▶ **WHAT NEEDS TO BE DONE**: Beginning with the line that contains "Leaf Jewelry Ohrstecker", print each line to the end of the data exactly. Omit the pictures.

▶ **DATASET EXCERPT**:
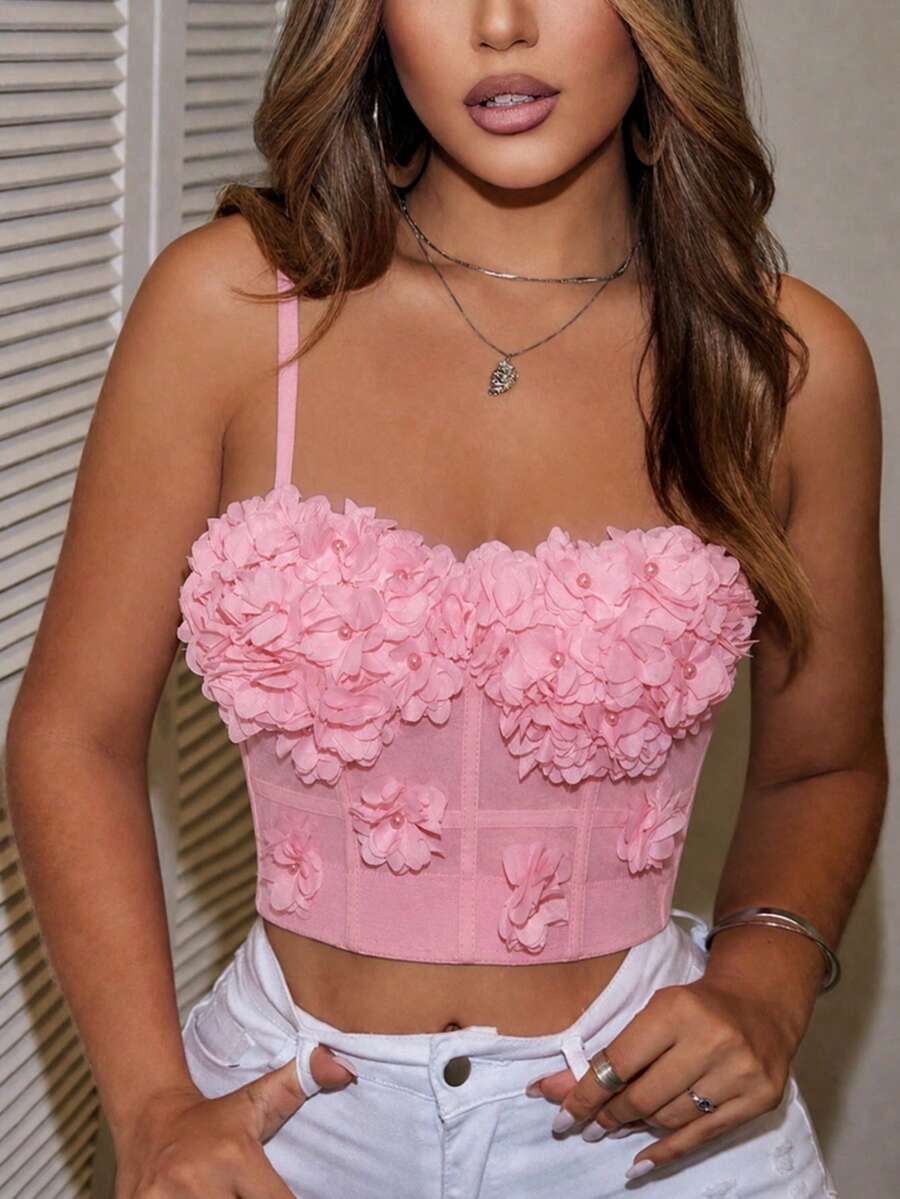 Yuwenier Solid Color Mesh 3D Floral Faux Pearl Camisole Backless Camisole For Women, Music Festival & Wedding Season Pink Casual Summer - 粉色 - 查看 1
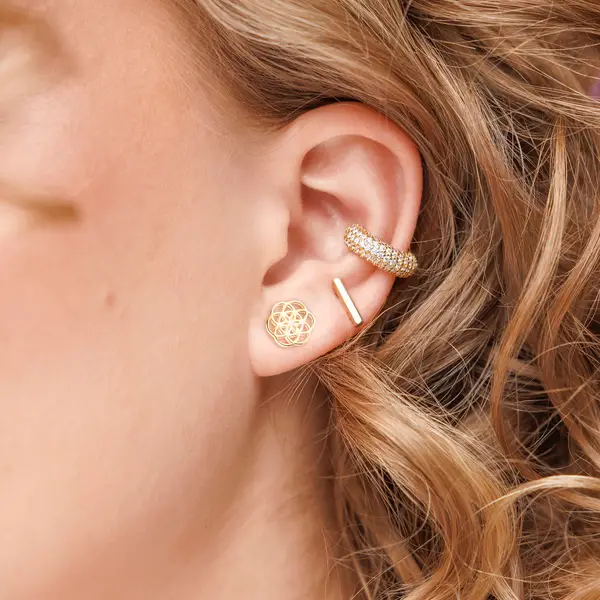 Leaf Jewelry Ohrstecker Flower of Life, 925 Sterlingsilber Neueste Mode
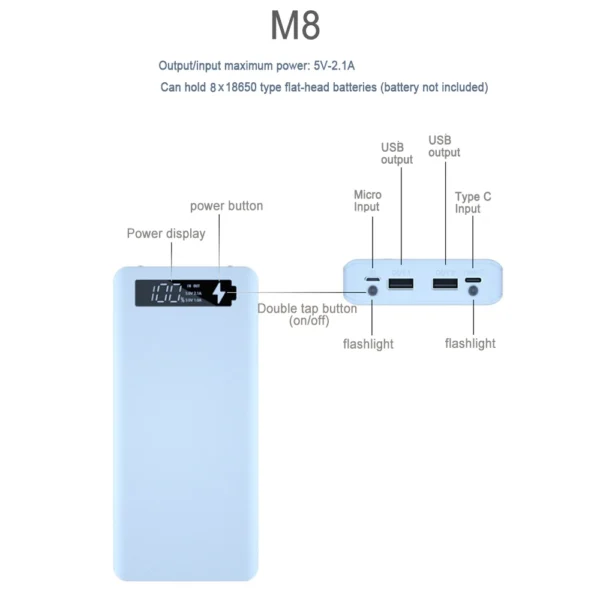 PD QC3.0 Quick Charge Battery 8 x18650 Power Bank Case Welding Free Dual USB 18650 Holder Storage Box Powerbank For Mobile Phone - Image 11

▶ **OUTPUT FOR THIS TASK**:
 Leaf Jewelry Ohrstecker Flower of Life, 925 Sterlingsilber Neueste Mode
 PD QC3.0 Quick Charge Battery 8 x18650 Power Bank Case Welding Free Dual USB 18650 Holder Storage Box Powerbank For Mobile Phone - Image 11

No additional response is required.